Summary:
- At least eight executives from Wynn moved to Fontainebleau.
- Wynn says the casino hired individuals with non-compete clauses.
- Several accusations have been made in the case between the two companies.
In late February, Wynn Las Vegas accused the Fontainebleau Las Vegas of hiring employees bound by a non-compete clause.
Fontainebleau vehemently denies this, stating that the former Wynn employees joined them voluntarily, driven by dissatisfaction with their previous employer. Fontainebleau has now filed a counterclaim against Wynn, trying to counteract the original filing by the casino operator.
Fontainebleau Fights Back
The Fontainebleau filing is filled with tension, as an email exchange between Fontainebleau CEO Jeff Soffer and Wynn CEO Craig Billings is included. Brimming with strong language, the email showcases the heated exchange as each CEO tries to assert their stance.
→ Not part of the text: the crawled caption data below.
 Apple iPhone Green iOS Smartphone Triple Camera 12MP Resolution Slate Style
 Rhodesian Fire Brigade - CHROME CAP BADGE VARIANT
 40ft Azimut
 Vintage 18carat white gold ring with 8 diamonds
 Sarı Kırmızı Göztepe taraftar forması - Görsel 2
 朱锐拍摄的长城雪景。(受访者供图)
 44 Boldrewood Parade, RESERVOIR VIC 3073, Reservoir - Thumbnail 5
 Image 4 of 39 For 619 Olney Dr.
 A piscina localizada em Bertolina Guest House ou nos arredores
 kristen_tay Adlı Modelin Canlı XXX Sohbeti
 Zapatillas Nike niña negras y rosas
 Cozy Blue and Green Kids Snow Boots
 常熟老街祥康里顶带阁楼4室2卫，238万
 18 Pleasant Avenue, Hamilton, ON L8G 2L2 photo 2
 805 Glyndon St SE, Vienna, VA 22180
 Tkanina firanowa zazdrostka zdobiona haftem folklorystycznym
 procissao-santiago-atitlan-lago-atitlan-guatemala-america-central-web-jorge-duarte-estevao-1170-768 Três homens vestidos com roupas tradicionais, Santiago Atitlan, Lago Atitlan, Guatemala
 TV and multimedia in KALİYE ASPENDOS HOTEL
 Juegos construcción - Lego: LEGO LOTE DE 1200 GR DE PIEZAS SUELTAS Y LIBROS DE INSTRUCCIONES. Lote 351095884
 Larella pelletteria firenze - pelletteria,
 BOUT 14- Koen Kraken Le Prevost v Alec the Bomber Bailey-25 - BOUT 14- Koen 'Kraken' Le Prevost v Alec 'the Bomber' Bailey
Wynn officials say that Fontainebleau’s counterclaim contains fictitious accusations, was designed to incite social media chatter, and does not give answers to the original claim. Basically, Wynn feels the claim is just for show and doesn’t dispute their original filing against the company for employee poaching.
Wynn maintains that its competitor sought Wynn employees and hired them in breach of employment contracts. The casino operator feels that Fontainebleau lacked the ability to retain talent, so it went after its employees. The company feels Fontainebleau’s behavior was unethical, and it is leaving the outcome up to the court system.
The Counterclaim
Fontainebleau says in its counterclaim that several executives stayed for a long period of time at Wynn during the construction of the Fontainebleau casino. The Wynn was able to reap the rewards of the stay, with over seven figures in revenues.
At the same time, Wynn executives became familiar with Fontainebleau’s leadership and were intrigued by the idea of moving to the casino, as it would be a brand-new resort. Several employees considered making a transition, and as more decided to leave, Wynn reportedly resorted to coercion to try and keep them on board.
The filing includes an email allegedly filled with profanity from Billings, the CEO of Wynn, to Fontainebleau CEO Soffer. The counterclaim says that Billings demonstrated a lack of dignity and judgment in his email regarding employees moving to Fontainebleau. Billings was said to have been on vacation when the email was sent.
Now, we will see the outcome as both companies head to court with their claims. More information is unknown about how the employees made the move, but with so many employees switching locations and possible non-compete clauses in place, it will certainly be an interesting time in Las Vegas as the two battle it out.
Who will win the battle, and will the outcome be fair? It will be interesting to see how this case plays out in the court system and which brand will come out on top.